It's 1985. My friends Carolyn, Jennifer and I are in the theatre section of the Hungry Mind bookstore, looking for a book to give the mentor from our internship. While we are there, I pick up The Diaries of Judith Malina — and in that one moment, my life changes forever.
Malina followed the I Ching, and that book became my I Ching. Every page of my copy is underlined, notated, dog-eared, remarked-upon. For my whole life since then I have had a ritual; that book sits beside my bed, and periodically I will thumb through, find that day in her diaries, read what is written there. It is inevitably spot on. Malina has few entries from this date, but on April 10, 1956 she wrote "Lately I can feel the drive like the application of a whip. Whatever I touch becomes a straw to clutch at."

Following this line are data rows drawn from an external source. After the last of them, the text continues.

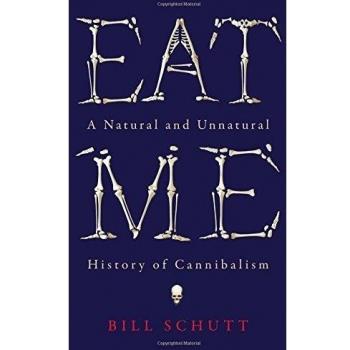 Eat Me: A Natural and Unnatural History of Cannibalism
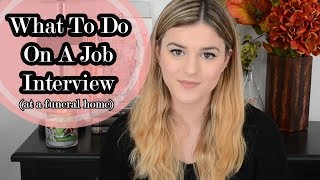 What To Do On A Job Interview (At A Funeral Home) | Little Miss Funeral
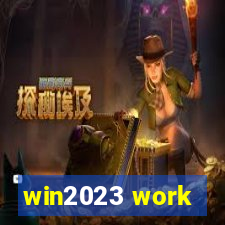 win2023 work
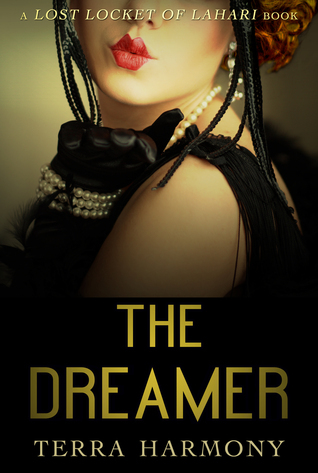 The Dreamer (Lost Locket of Lahari) by Terra Harmony | Goodreads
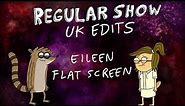 Regular Show: UK Edits: Eileen Flat Screen
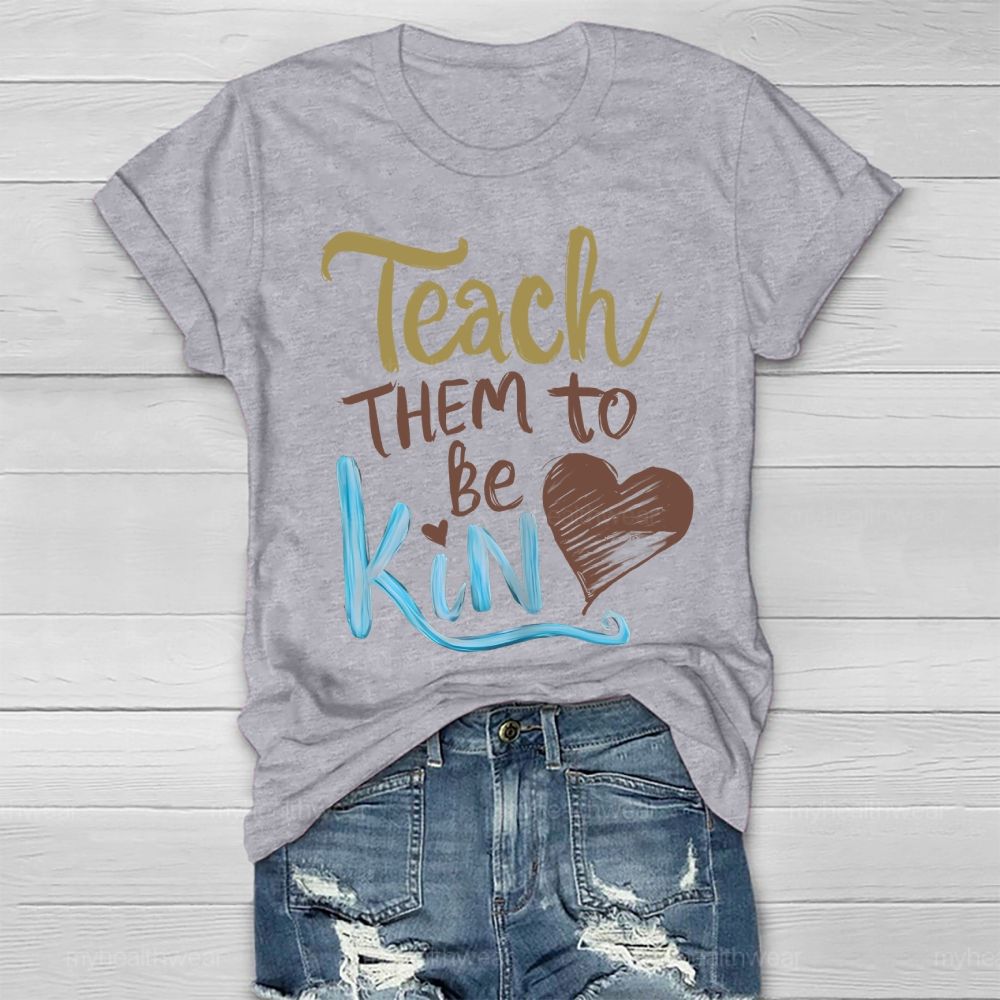 Teach Them To Be Kind Healthwear T-shirt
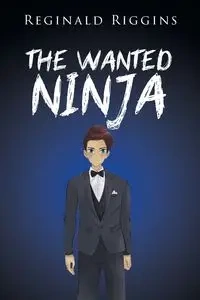 The Wanted Ninja - Reginald Riggins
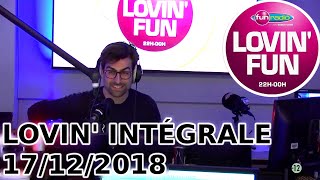 INTÉGRALE Lovin Fun 17122018 [upl. by Enala405]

Today, April 10, 2015, Judith Malina died at age 88.
When I saw the news come over my feed, everything just stopped. I looked at my computer, disbelieving. I said to Andrew "Judith Malina is dead." (he said "I actually don't know who that is.") And it was quite a few minutes before the world seemed to move again.
Indeed, you might not know who Judith Malina is. Or the importance of the Living Theatre. I suppose in this modern age wikipedia or the theatre's web page, might give you the facts. There are grainy online clips available on YouTube of Paradise Now and The Brig.
Truth is that the Living Theatre, and Malina's life, was radical in a way that I don't even think can be fully understood anymore. It was raw early theatre-that-is-now-classic (Chaikin and Brecht and Stein), and revolution taken to the streets, and theatre space upon space closed by government agencies, and exile to Europe, and true raw power.
I would not be in theatre if it were not for Judith Malina. I would not be the woman I am today. This is a strong thing to say about a woman I had never met, but it's 100% accurate.
I dreamed about Malina last night. And I awoke, and she is gone. The world is a much less fierce and luminous world without her presence.